Ingredients:

  • 4 cups Whole Milk (Full Fat)
  • ¾ cup Fine Yellow Cornmeal
  • 4 Tbsp Unsalted Butter, cubed
  • ¾ cup Dark or Blackstrap Molasses
  • ¼ cup Packed Light Brown Sugar
  • 1 Large Egg, lightly beaten
  • ½ tsp Fine Sea Salt
  • 1 tsp Ground Cinnamon
  • 1 tsp Ground Ginger
  • ½ tsp Freshly Grated Nutmeg
  • ¼ tsp Ground Cloves (Optional)

Instructions:

  1. Preheat oven to a very low temperature: 300°F (150°C). Grease an 8x8 inch or 2-quart baking dish generously with butter.
  2. In a small bowl, whisk the cornmeal with ¼ cup (60 ml) of the cold milk until lump-free (this is the slurry). Set aside.
  3. Pour the remaining 3 ¾ cups (890 ml) of milk into a heavy-bottomed saucepan. Bring to a bare simmer over medium heat. Do not boil. Once tiny bubbles form around the edge, remove from heat and stir in the cubed butter until melted.
  4. Slowly stream the cornmeal slurry into the hot milk mixture while whisking vigorously to prevent lumps.

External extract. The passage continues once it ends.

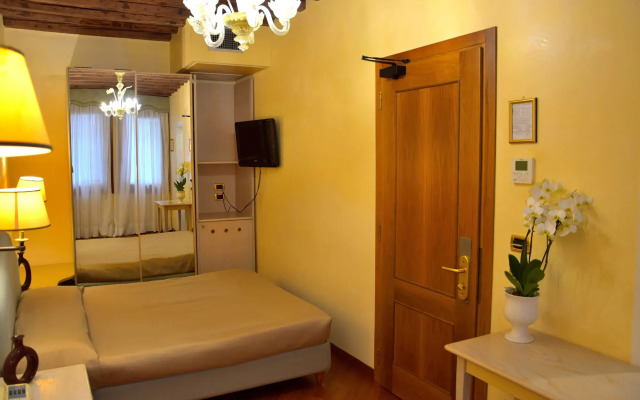 Residenza Favaro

  5. Return the saucepan to medium-low heat. Cook, stirring frequently (scraping the bottom!), for 5 to 7 minutes until the mixture thickens into a heavy porridge consistency that coats the back of a spoon.
  6. Remove the pan from the heat. Stir in the molasses, brown sugar, salt, cinnamon, ginger, nutmeg, and cloves (if using) until fully combined.

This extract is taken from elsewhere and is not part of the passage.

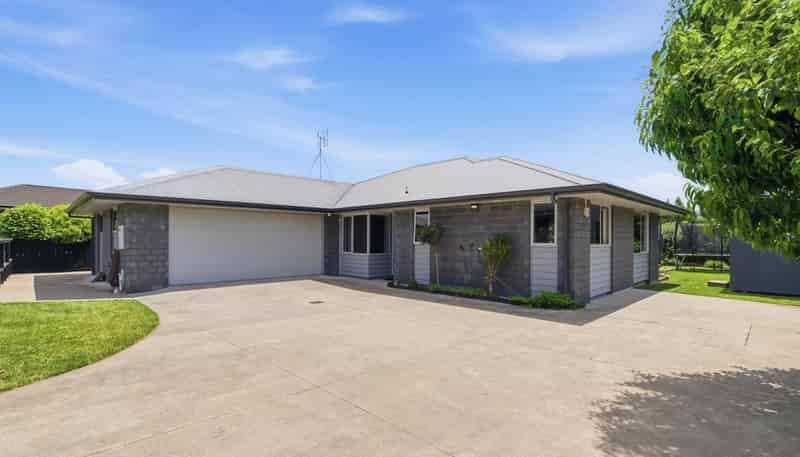 6 Gumtree Lane, Omokoroa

  7. Whisk the single large egg lightly. Scoop about ½ cup of the hot pudding mixture into the egg bowl while whisking constantly. This tempering step prevents the egg from scrambling.
  8. Pour the tempered egg mixture back into the main Indian Pudding base and whisk quickly until smooth.
  9. Pour the complete pudding batter into the prepared baking dish and place it carefully in the centre rack of the preheated oven.
  10. Bake for 1 hour 45 minutes to 2 hours. The pudding is done when the top crust has set and cracked slightly, the colour is deep brown, and the centre is still softly wobbly.
  11. Remove from the oven and allow the Indian Pudding to rest for at least 15 minutes before serving warm, preferably with vanilla ice cream.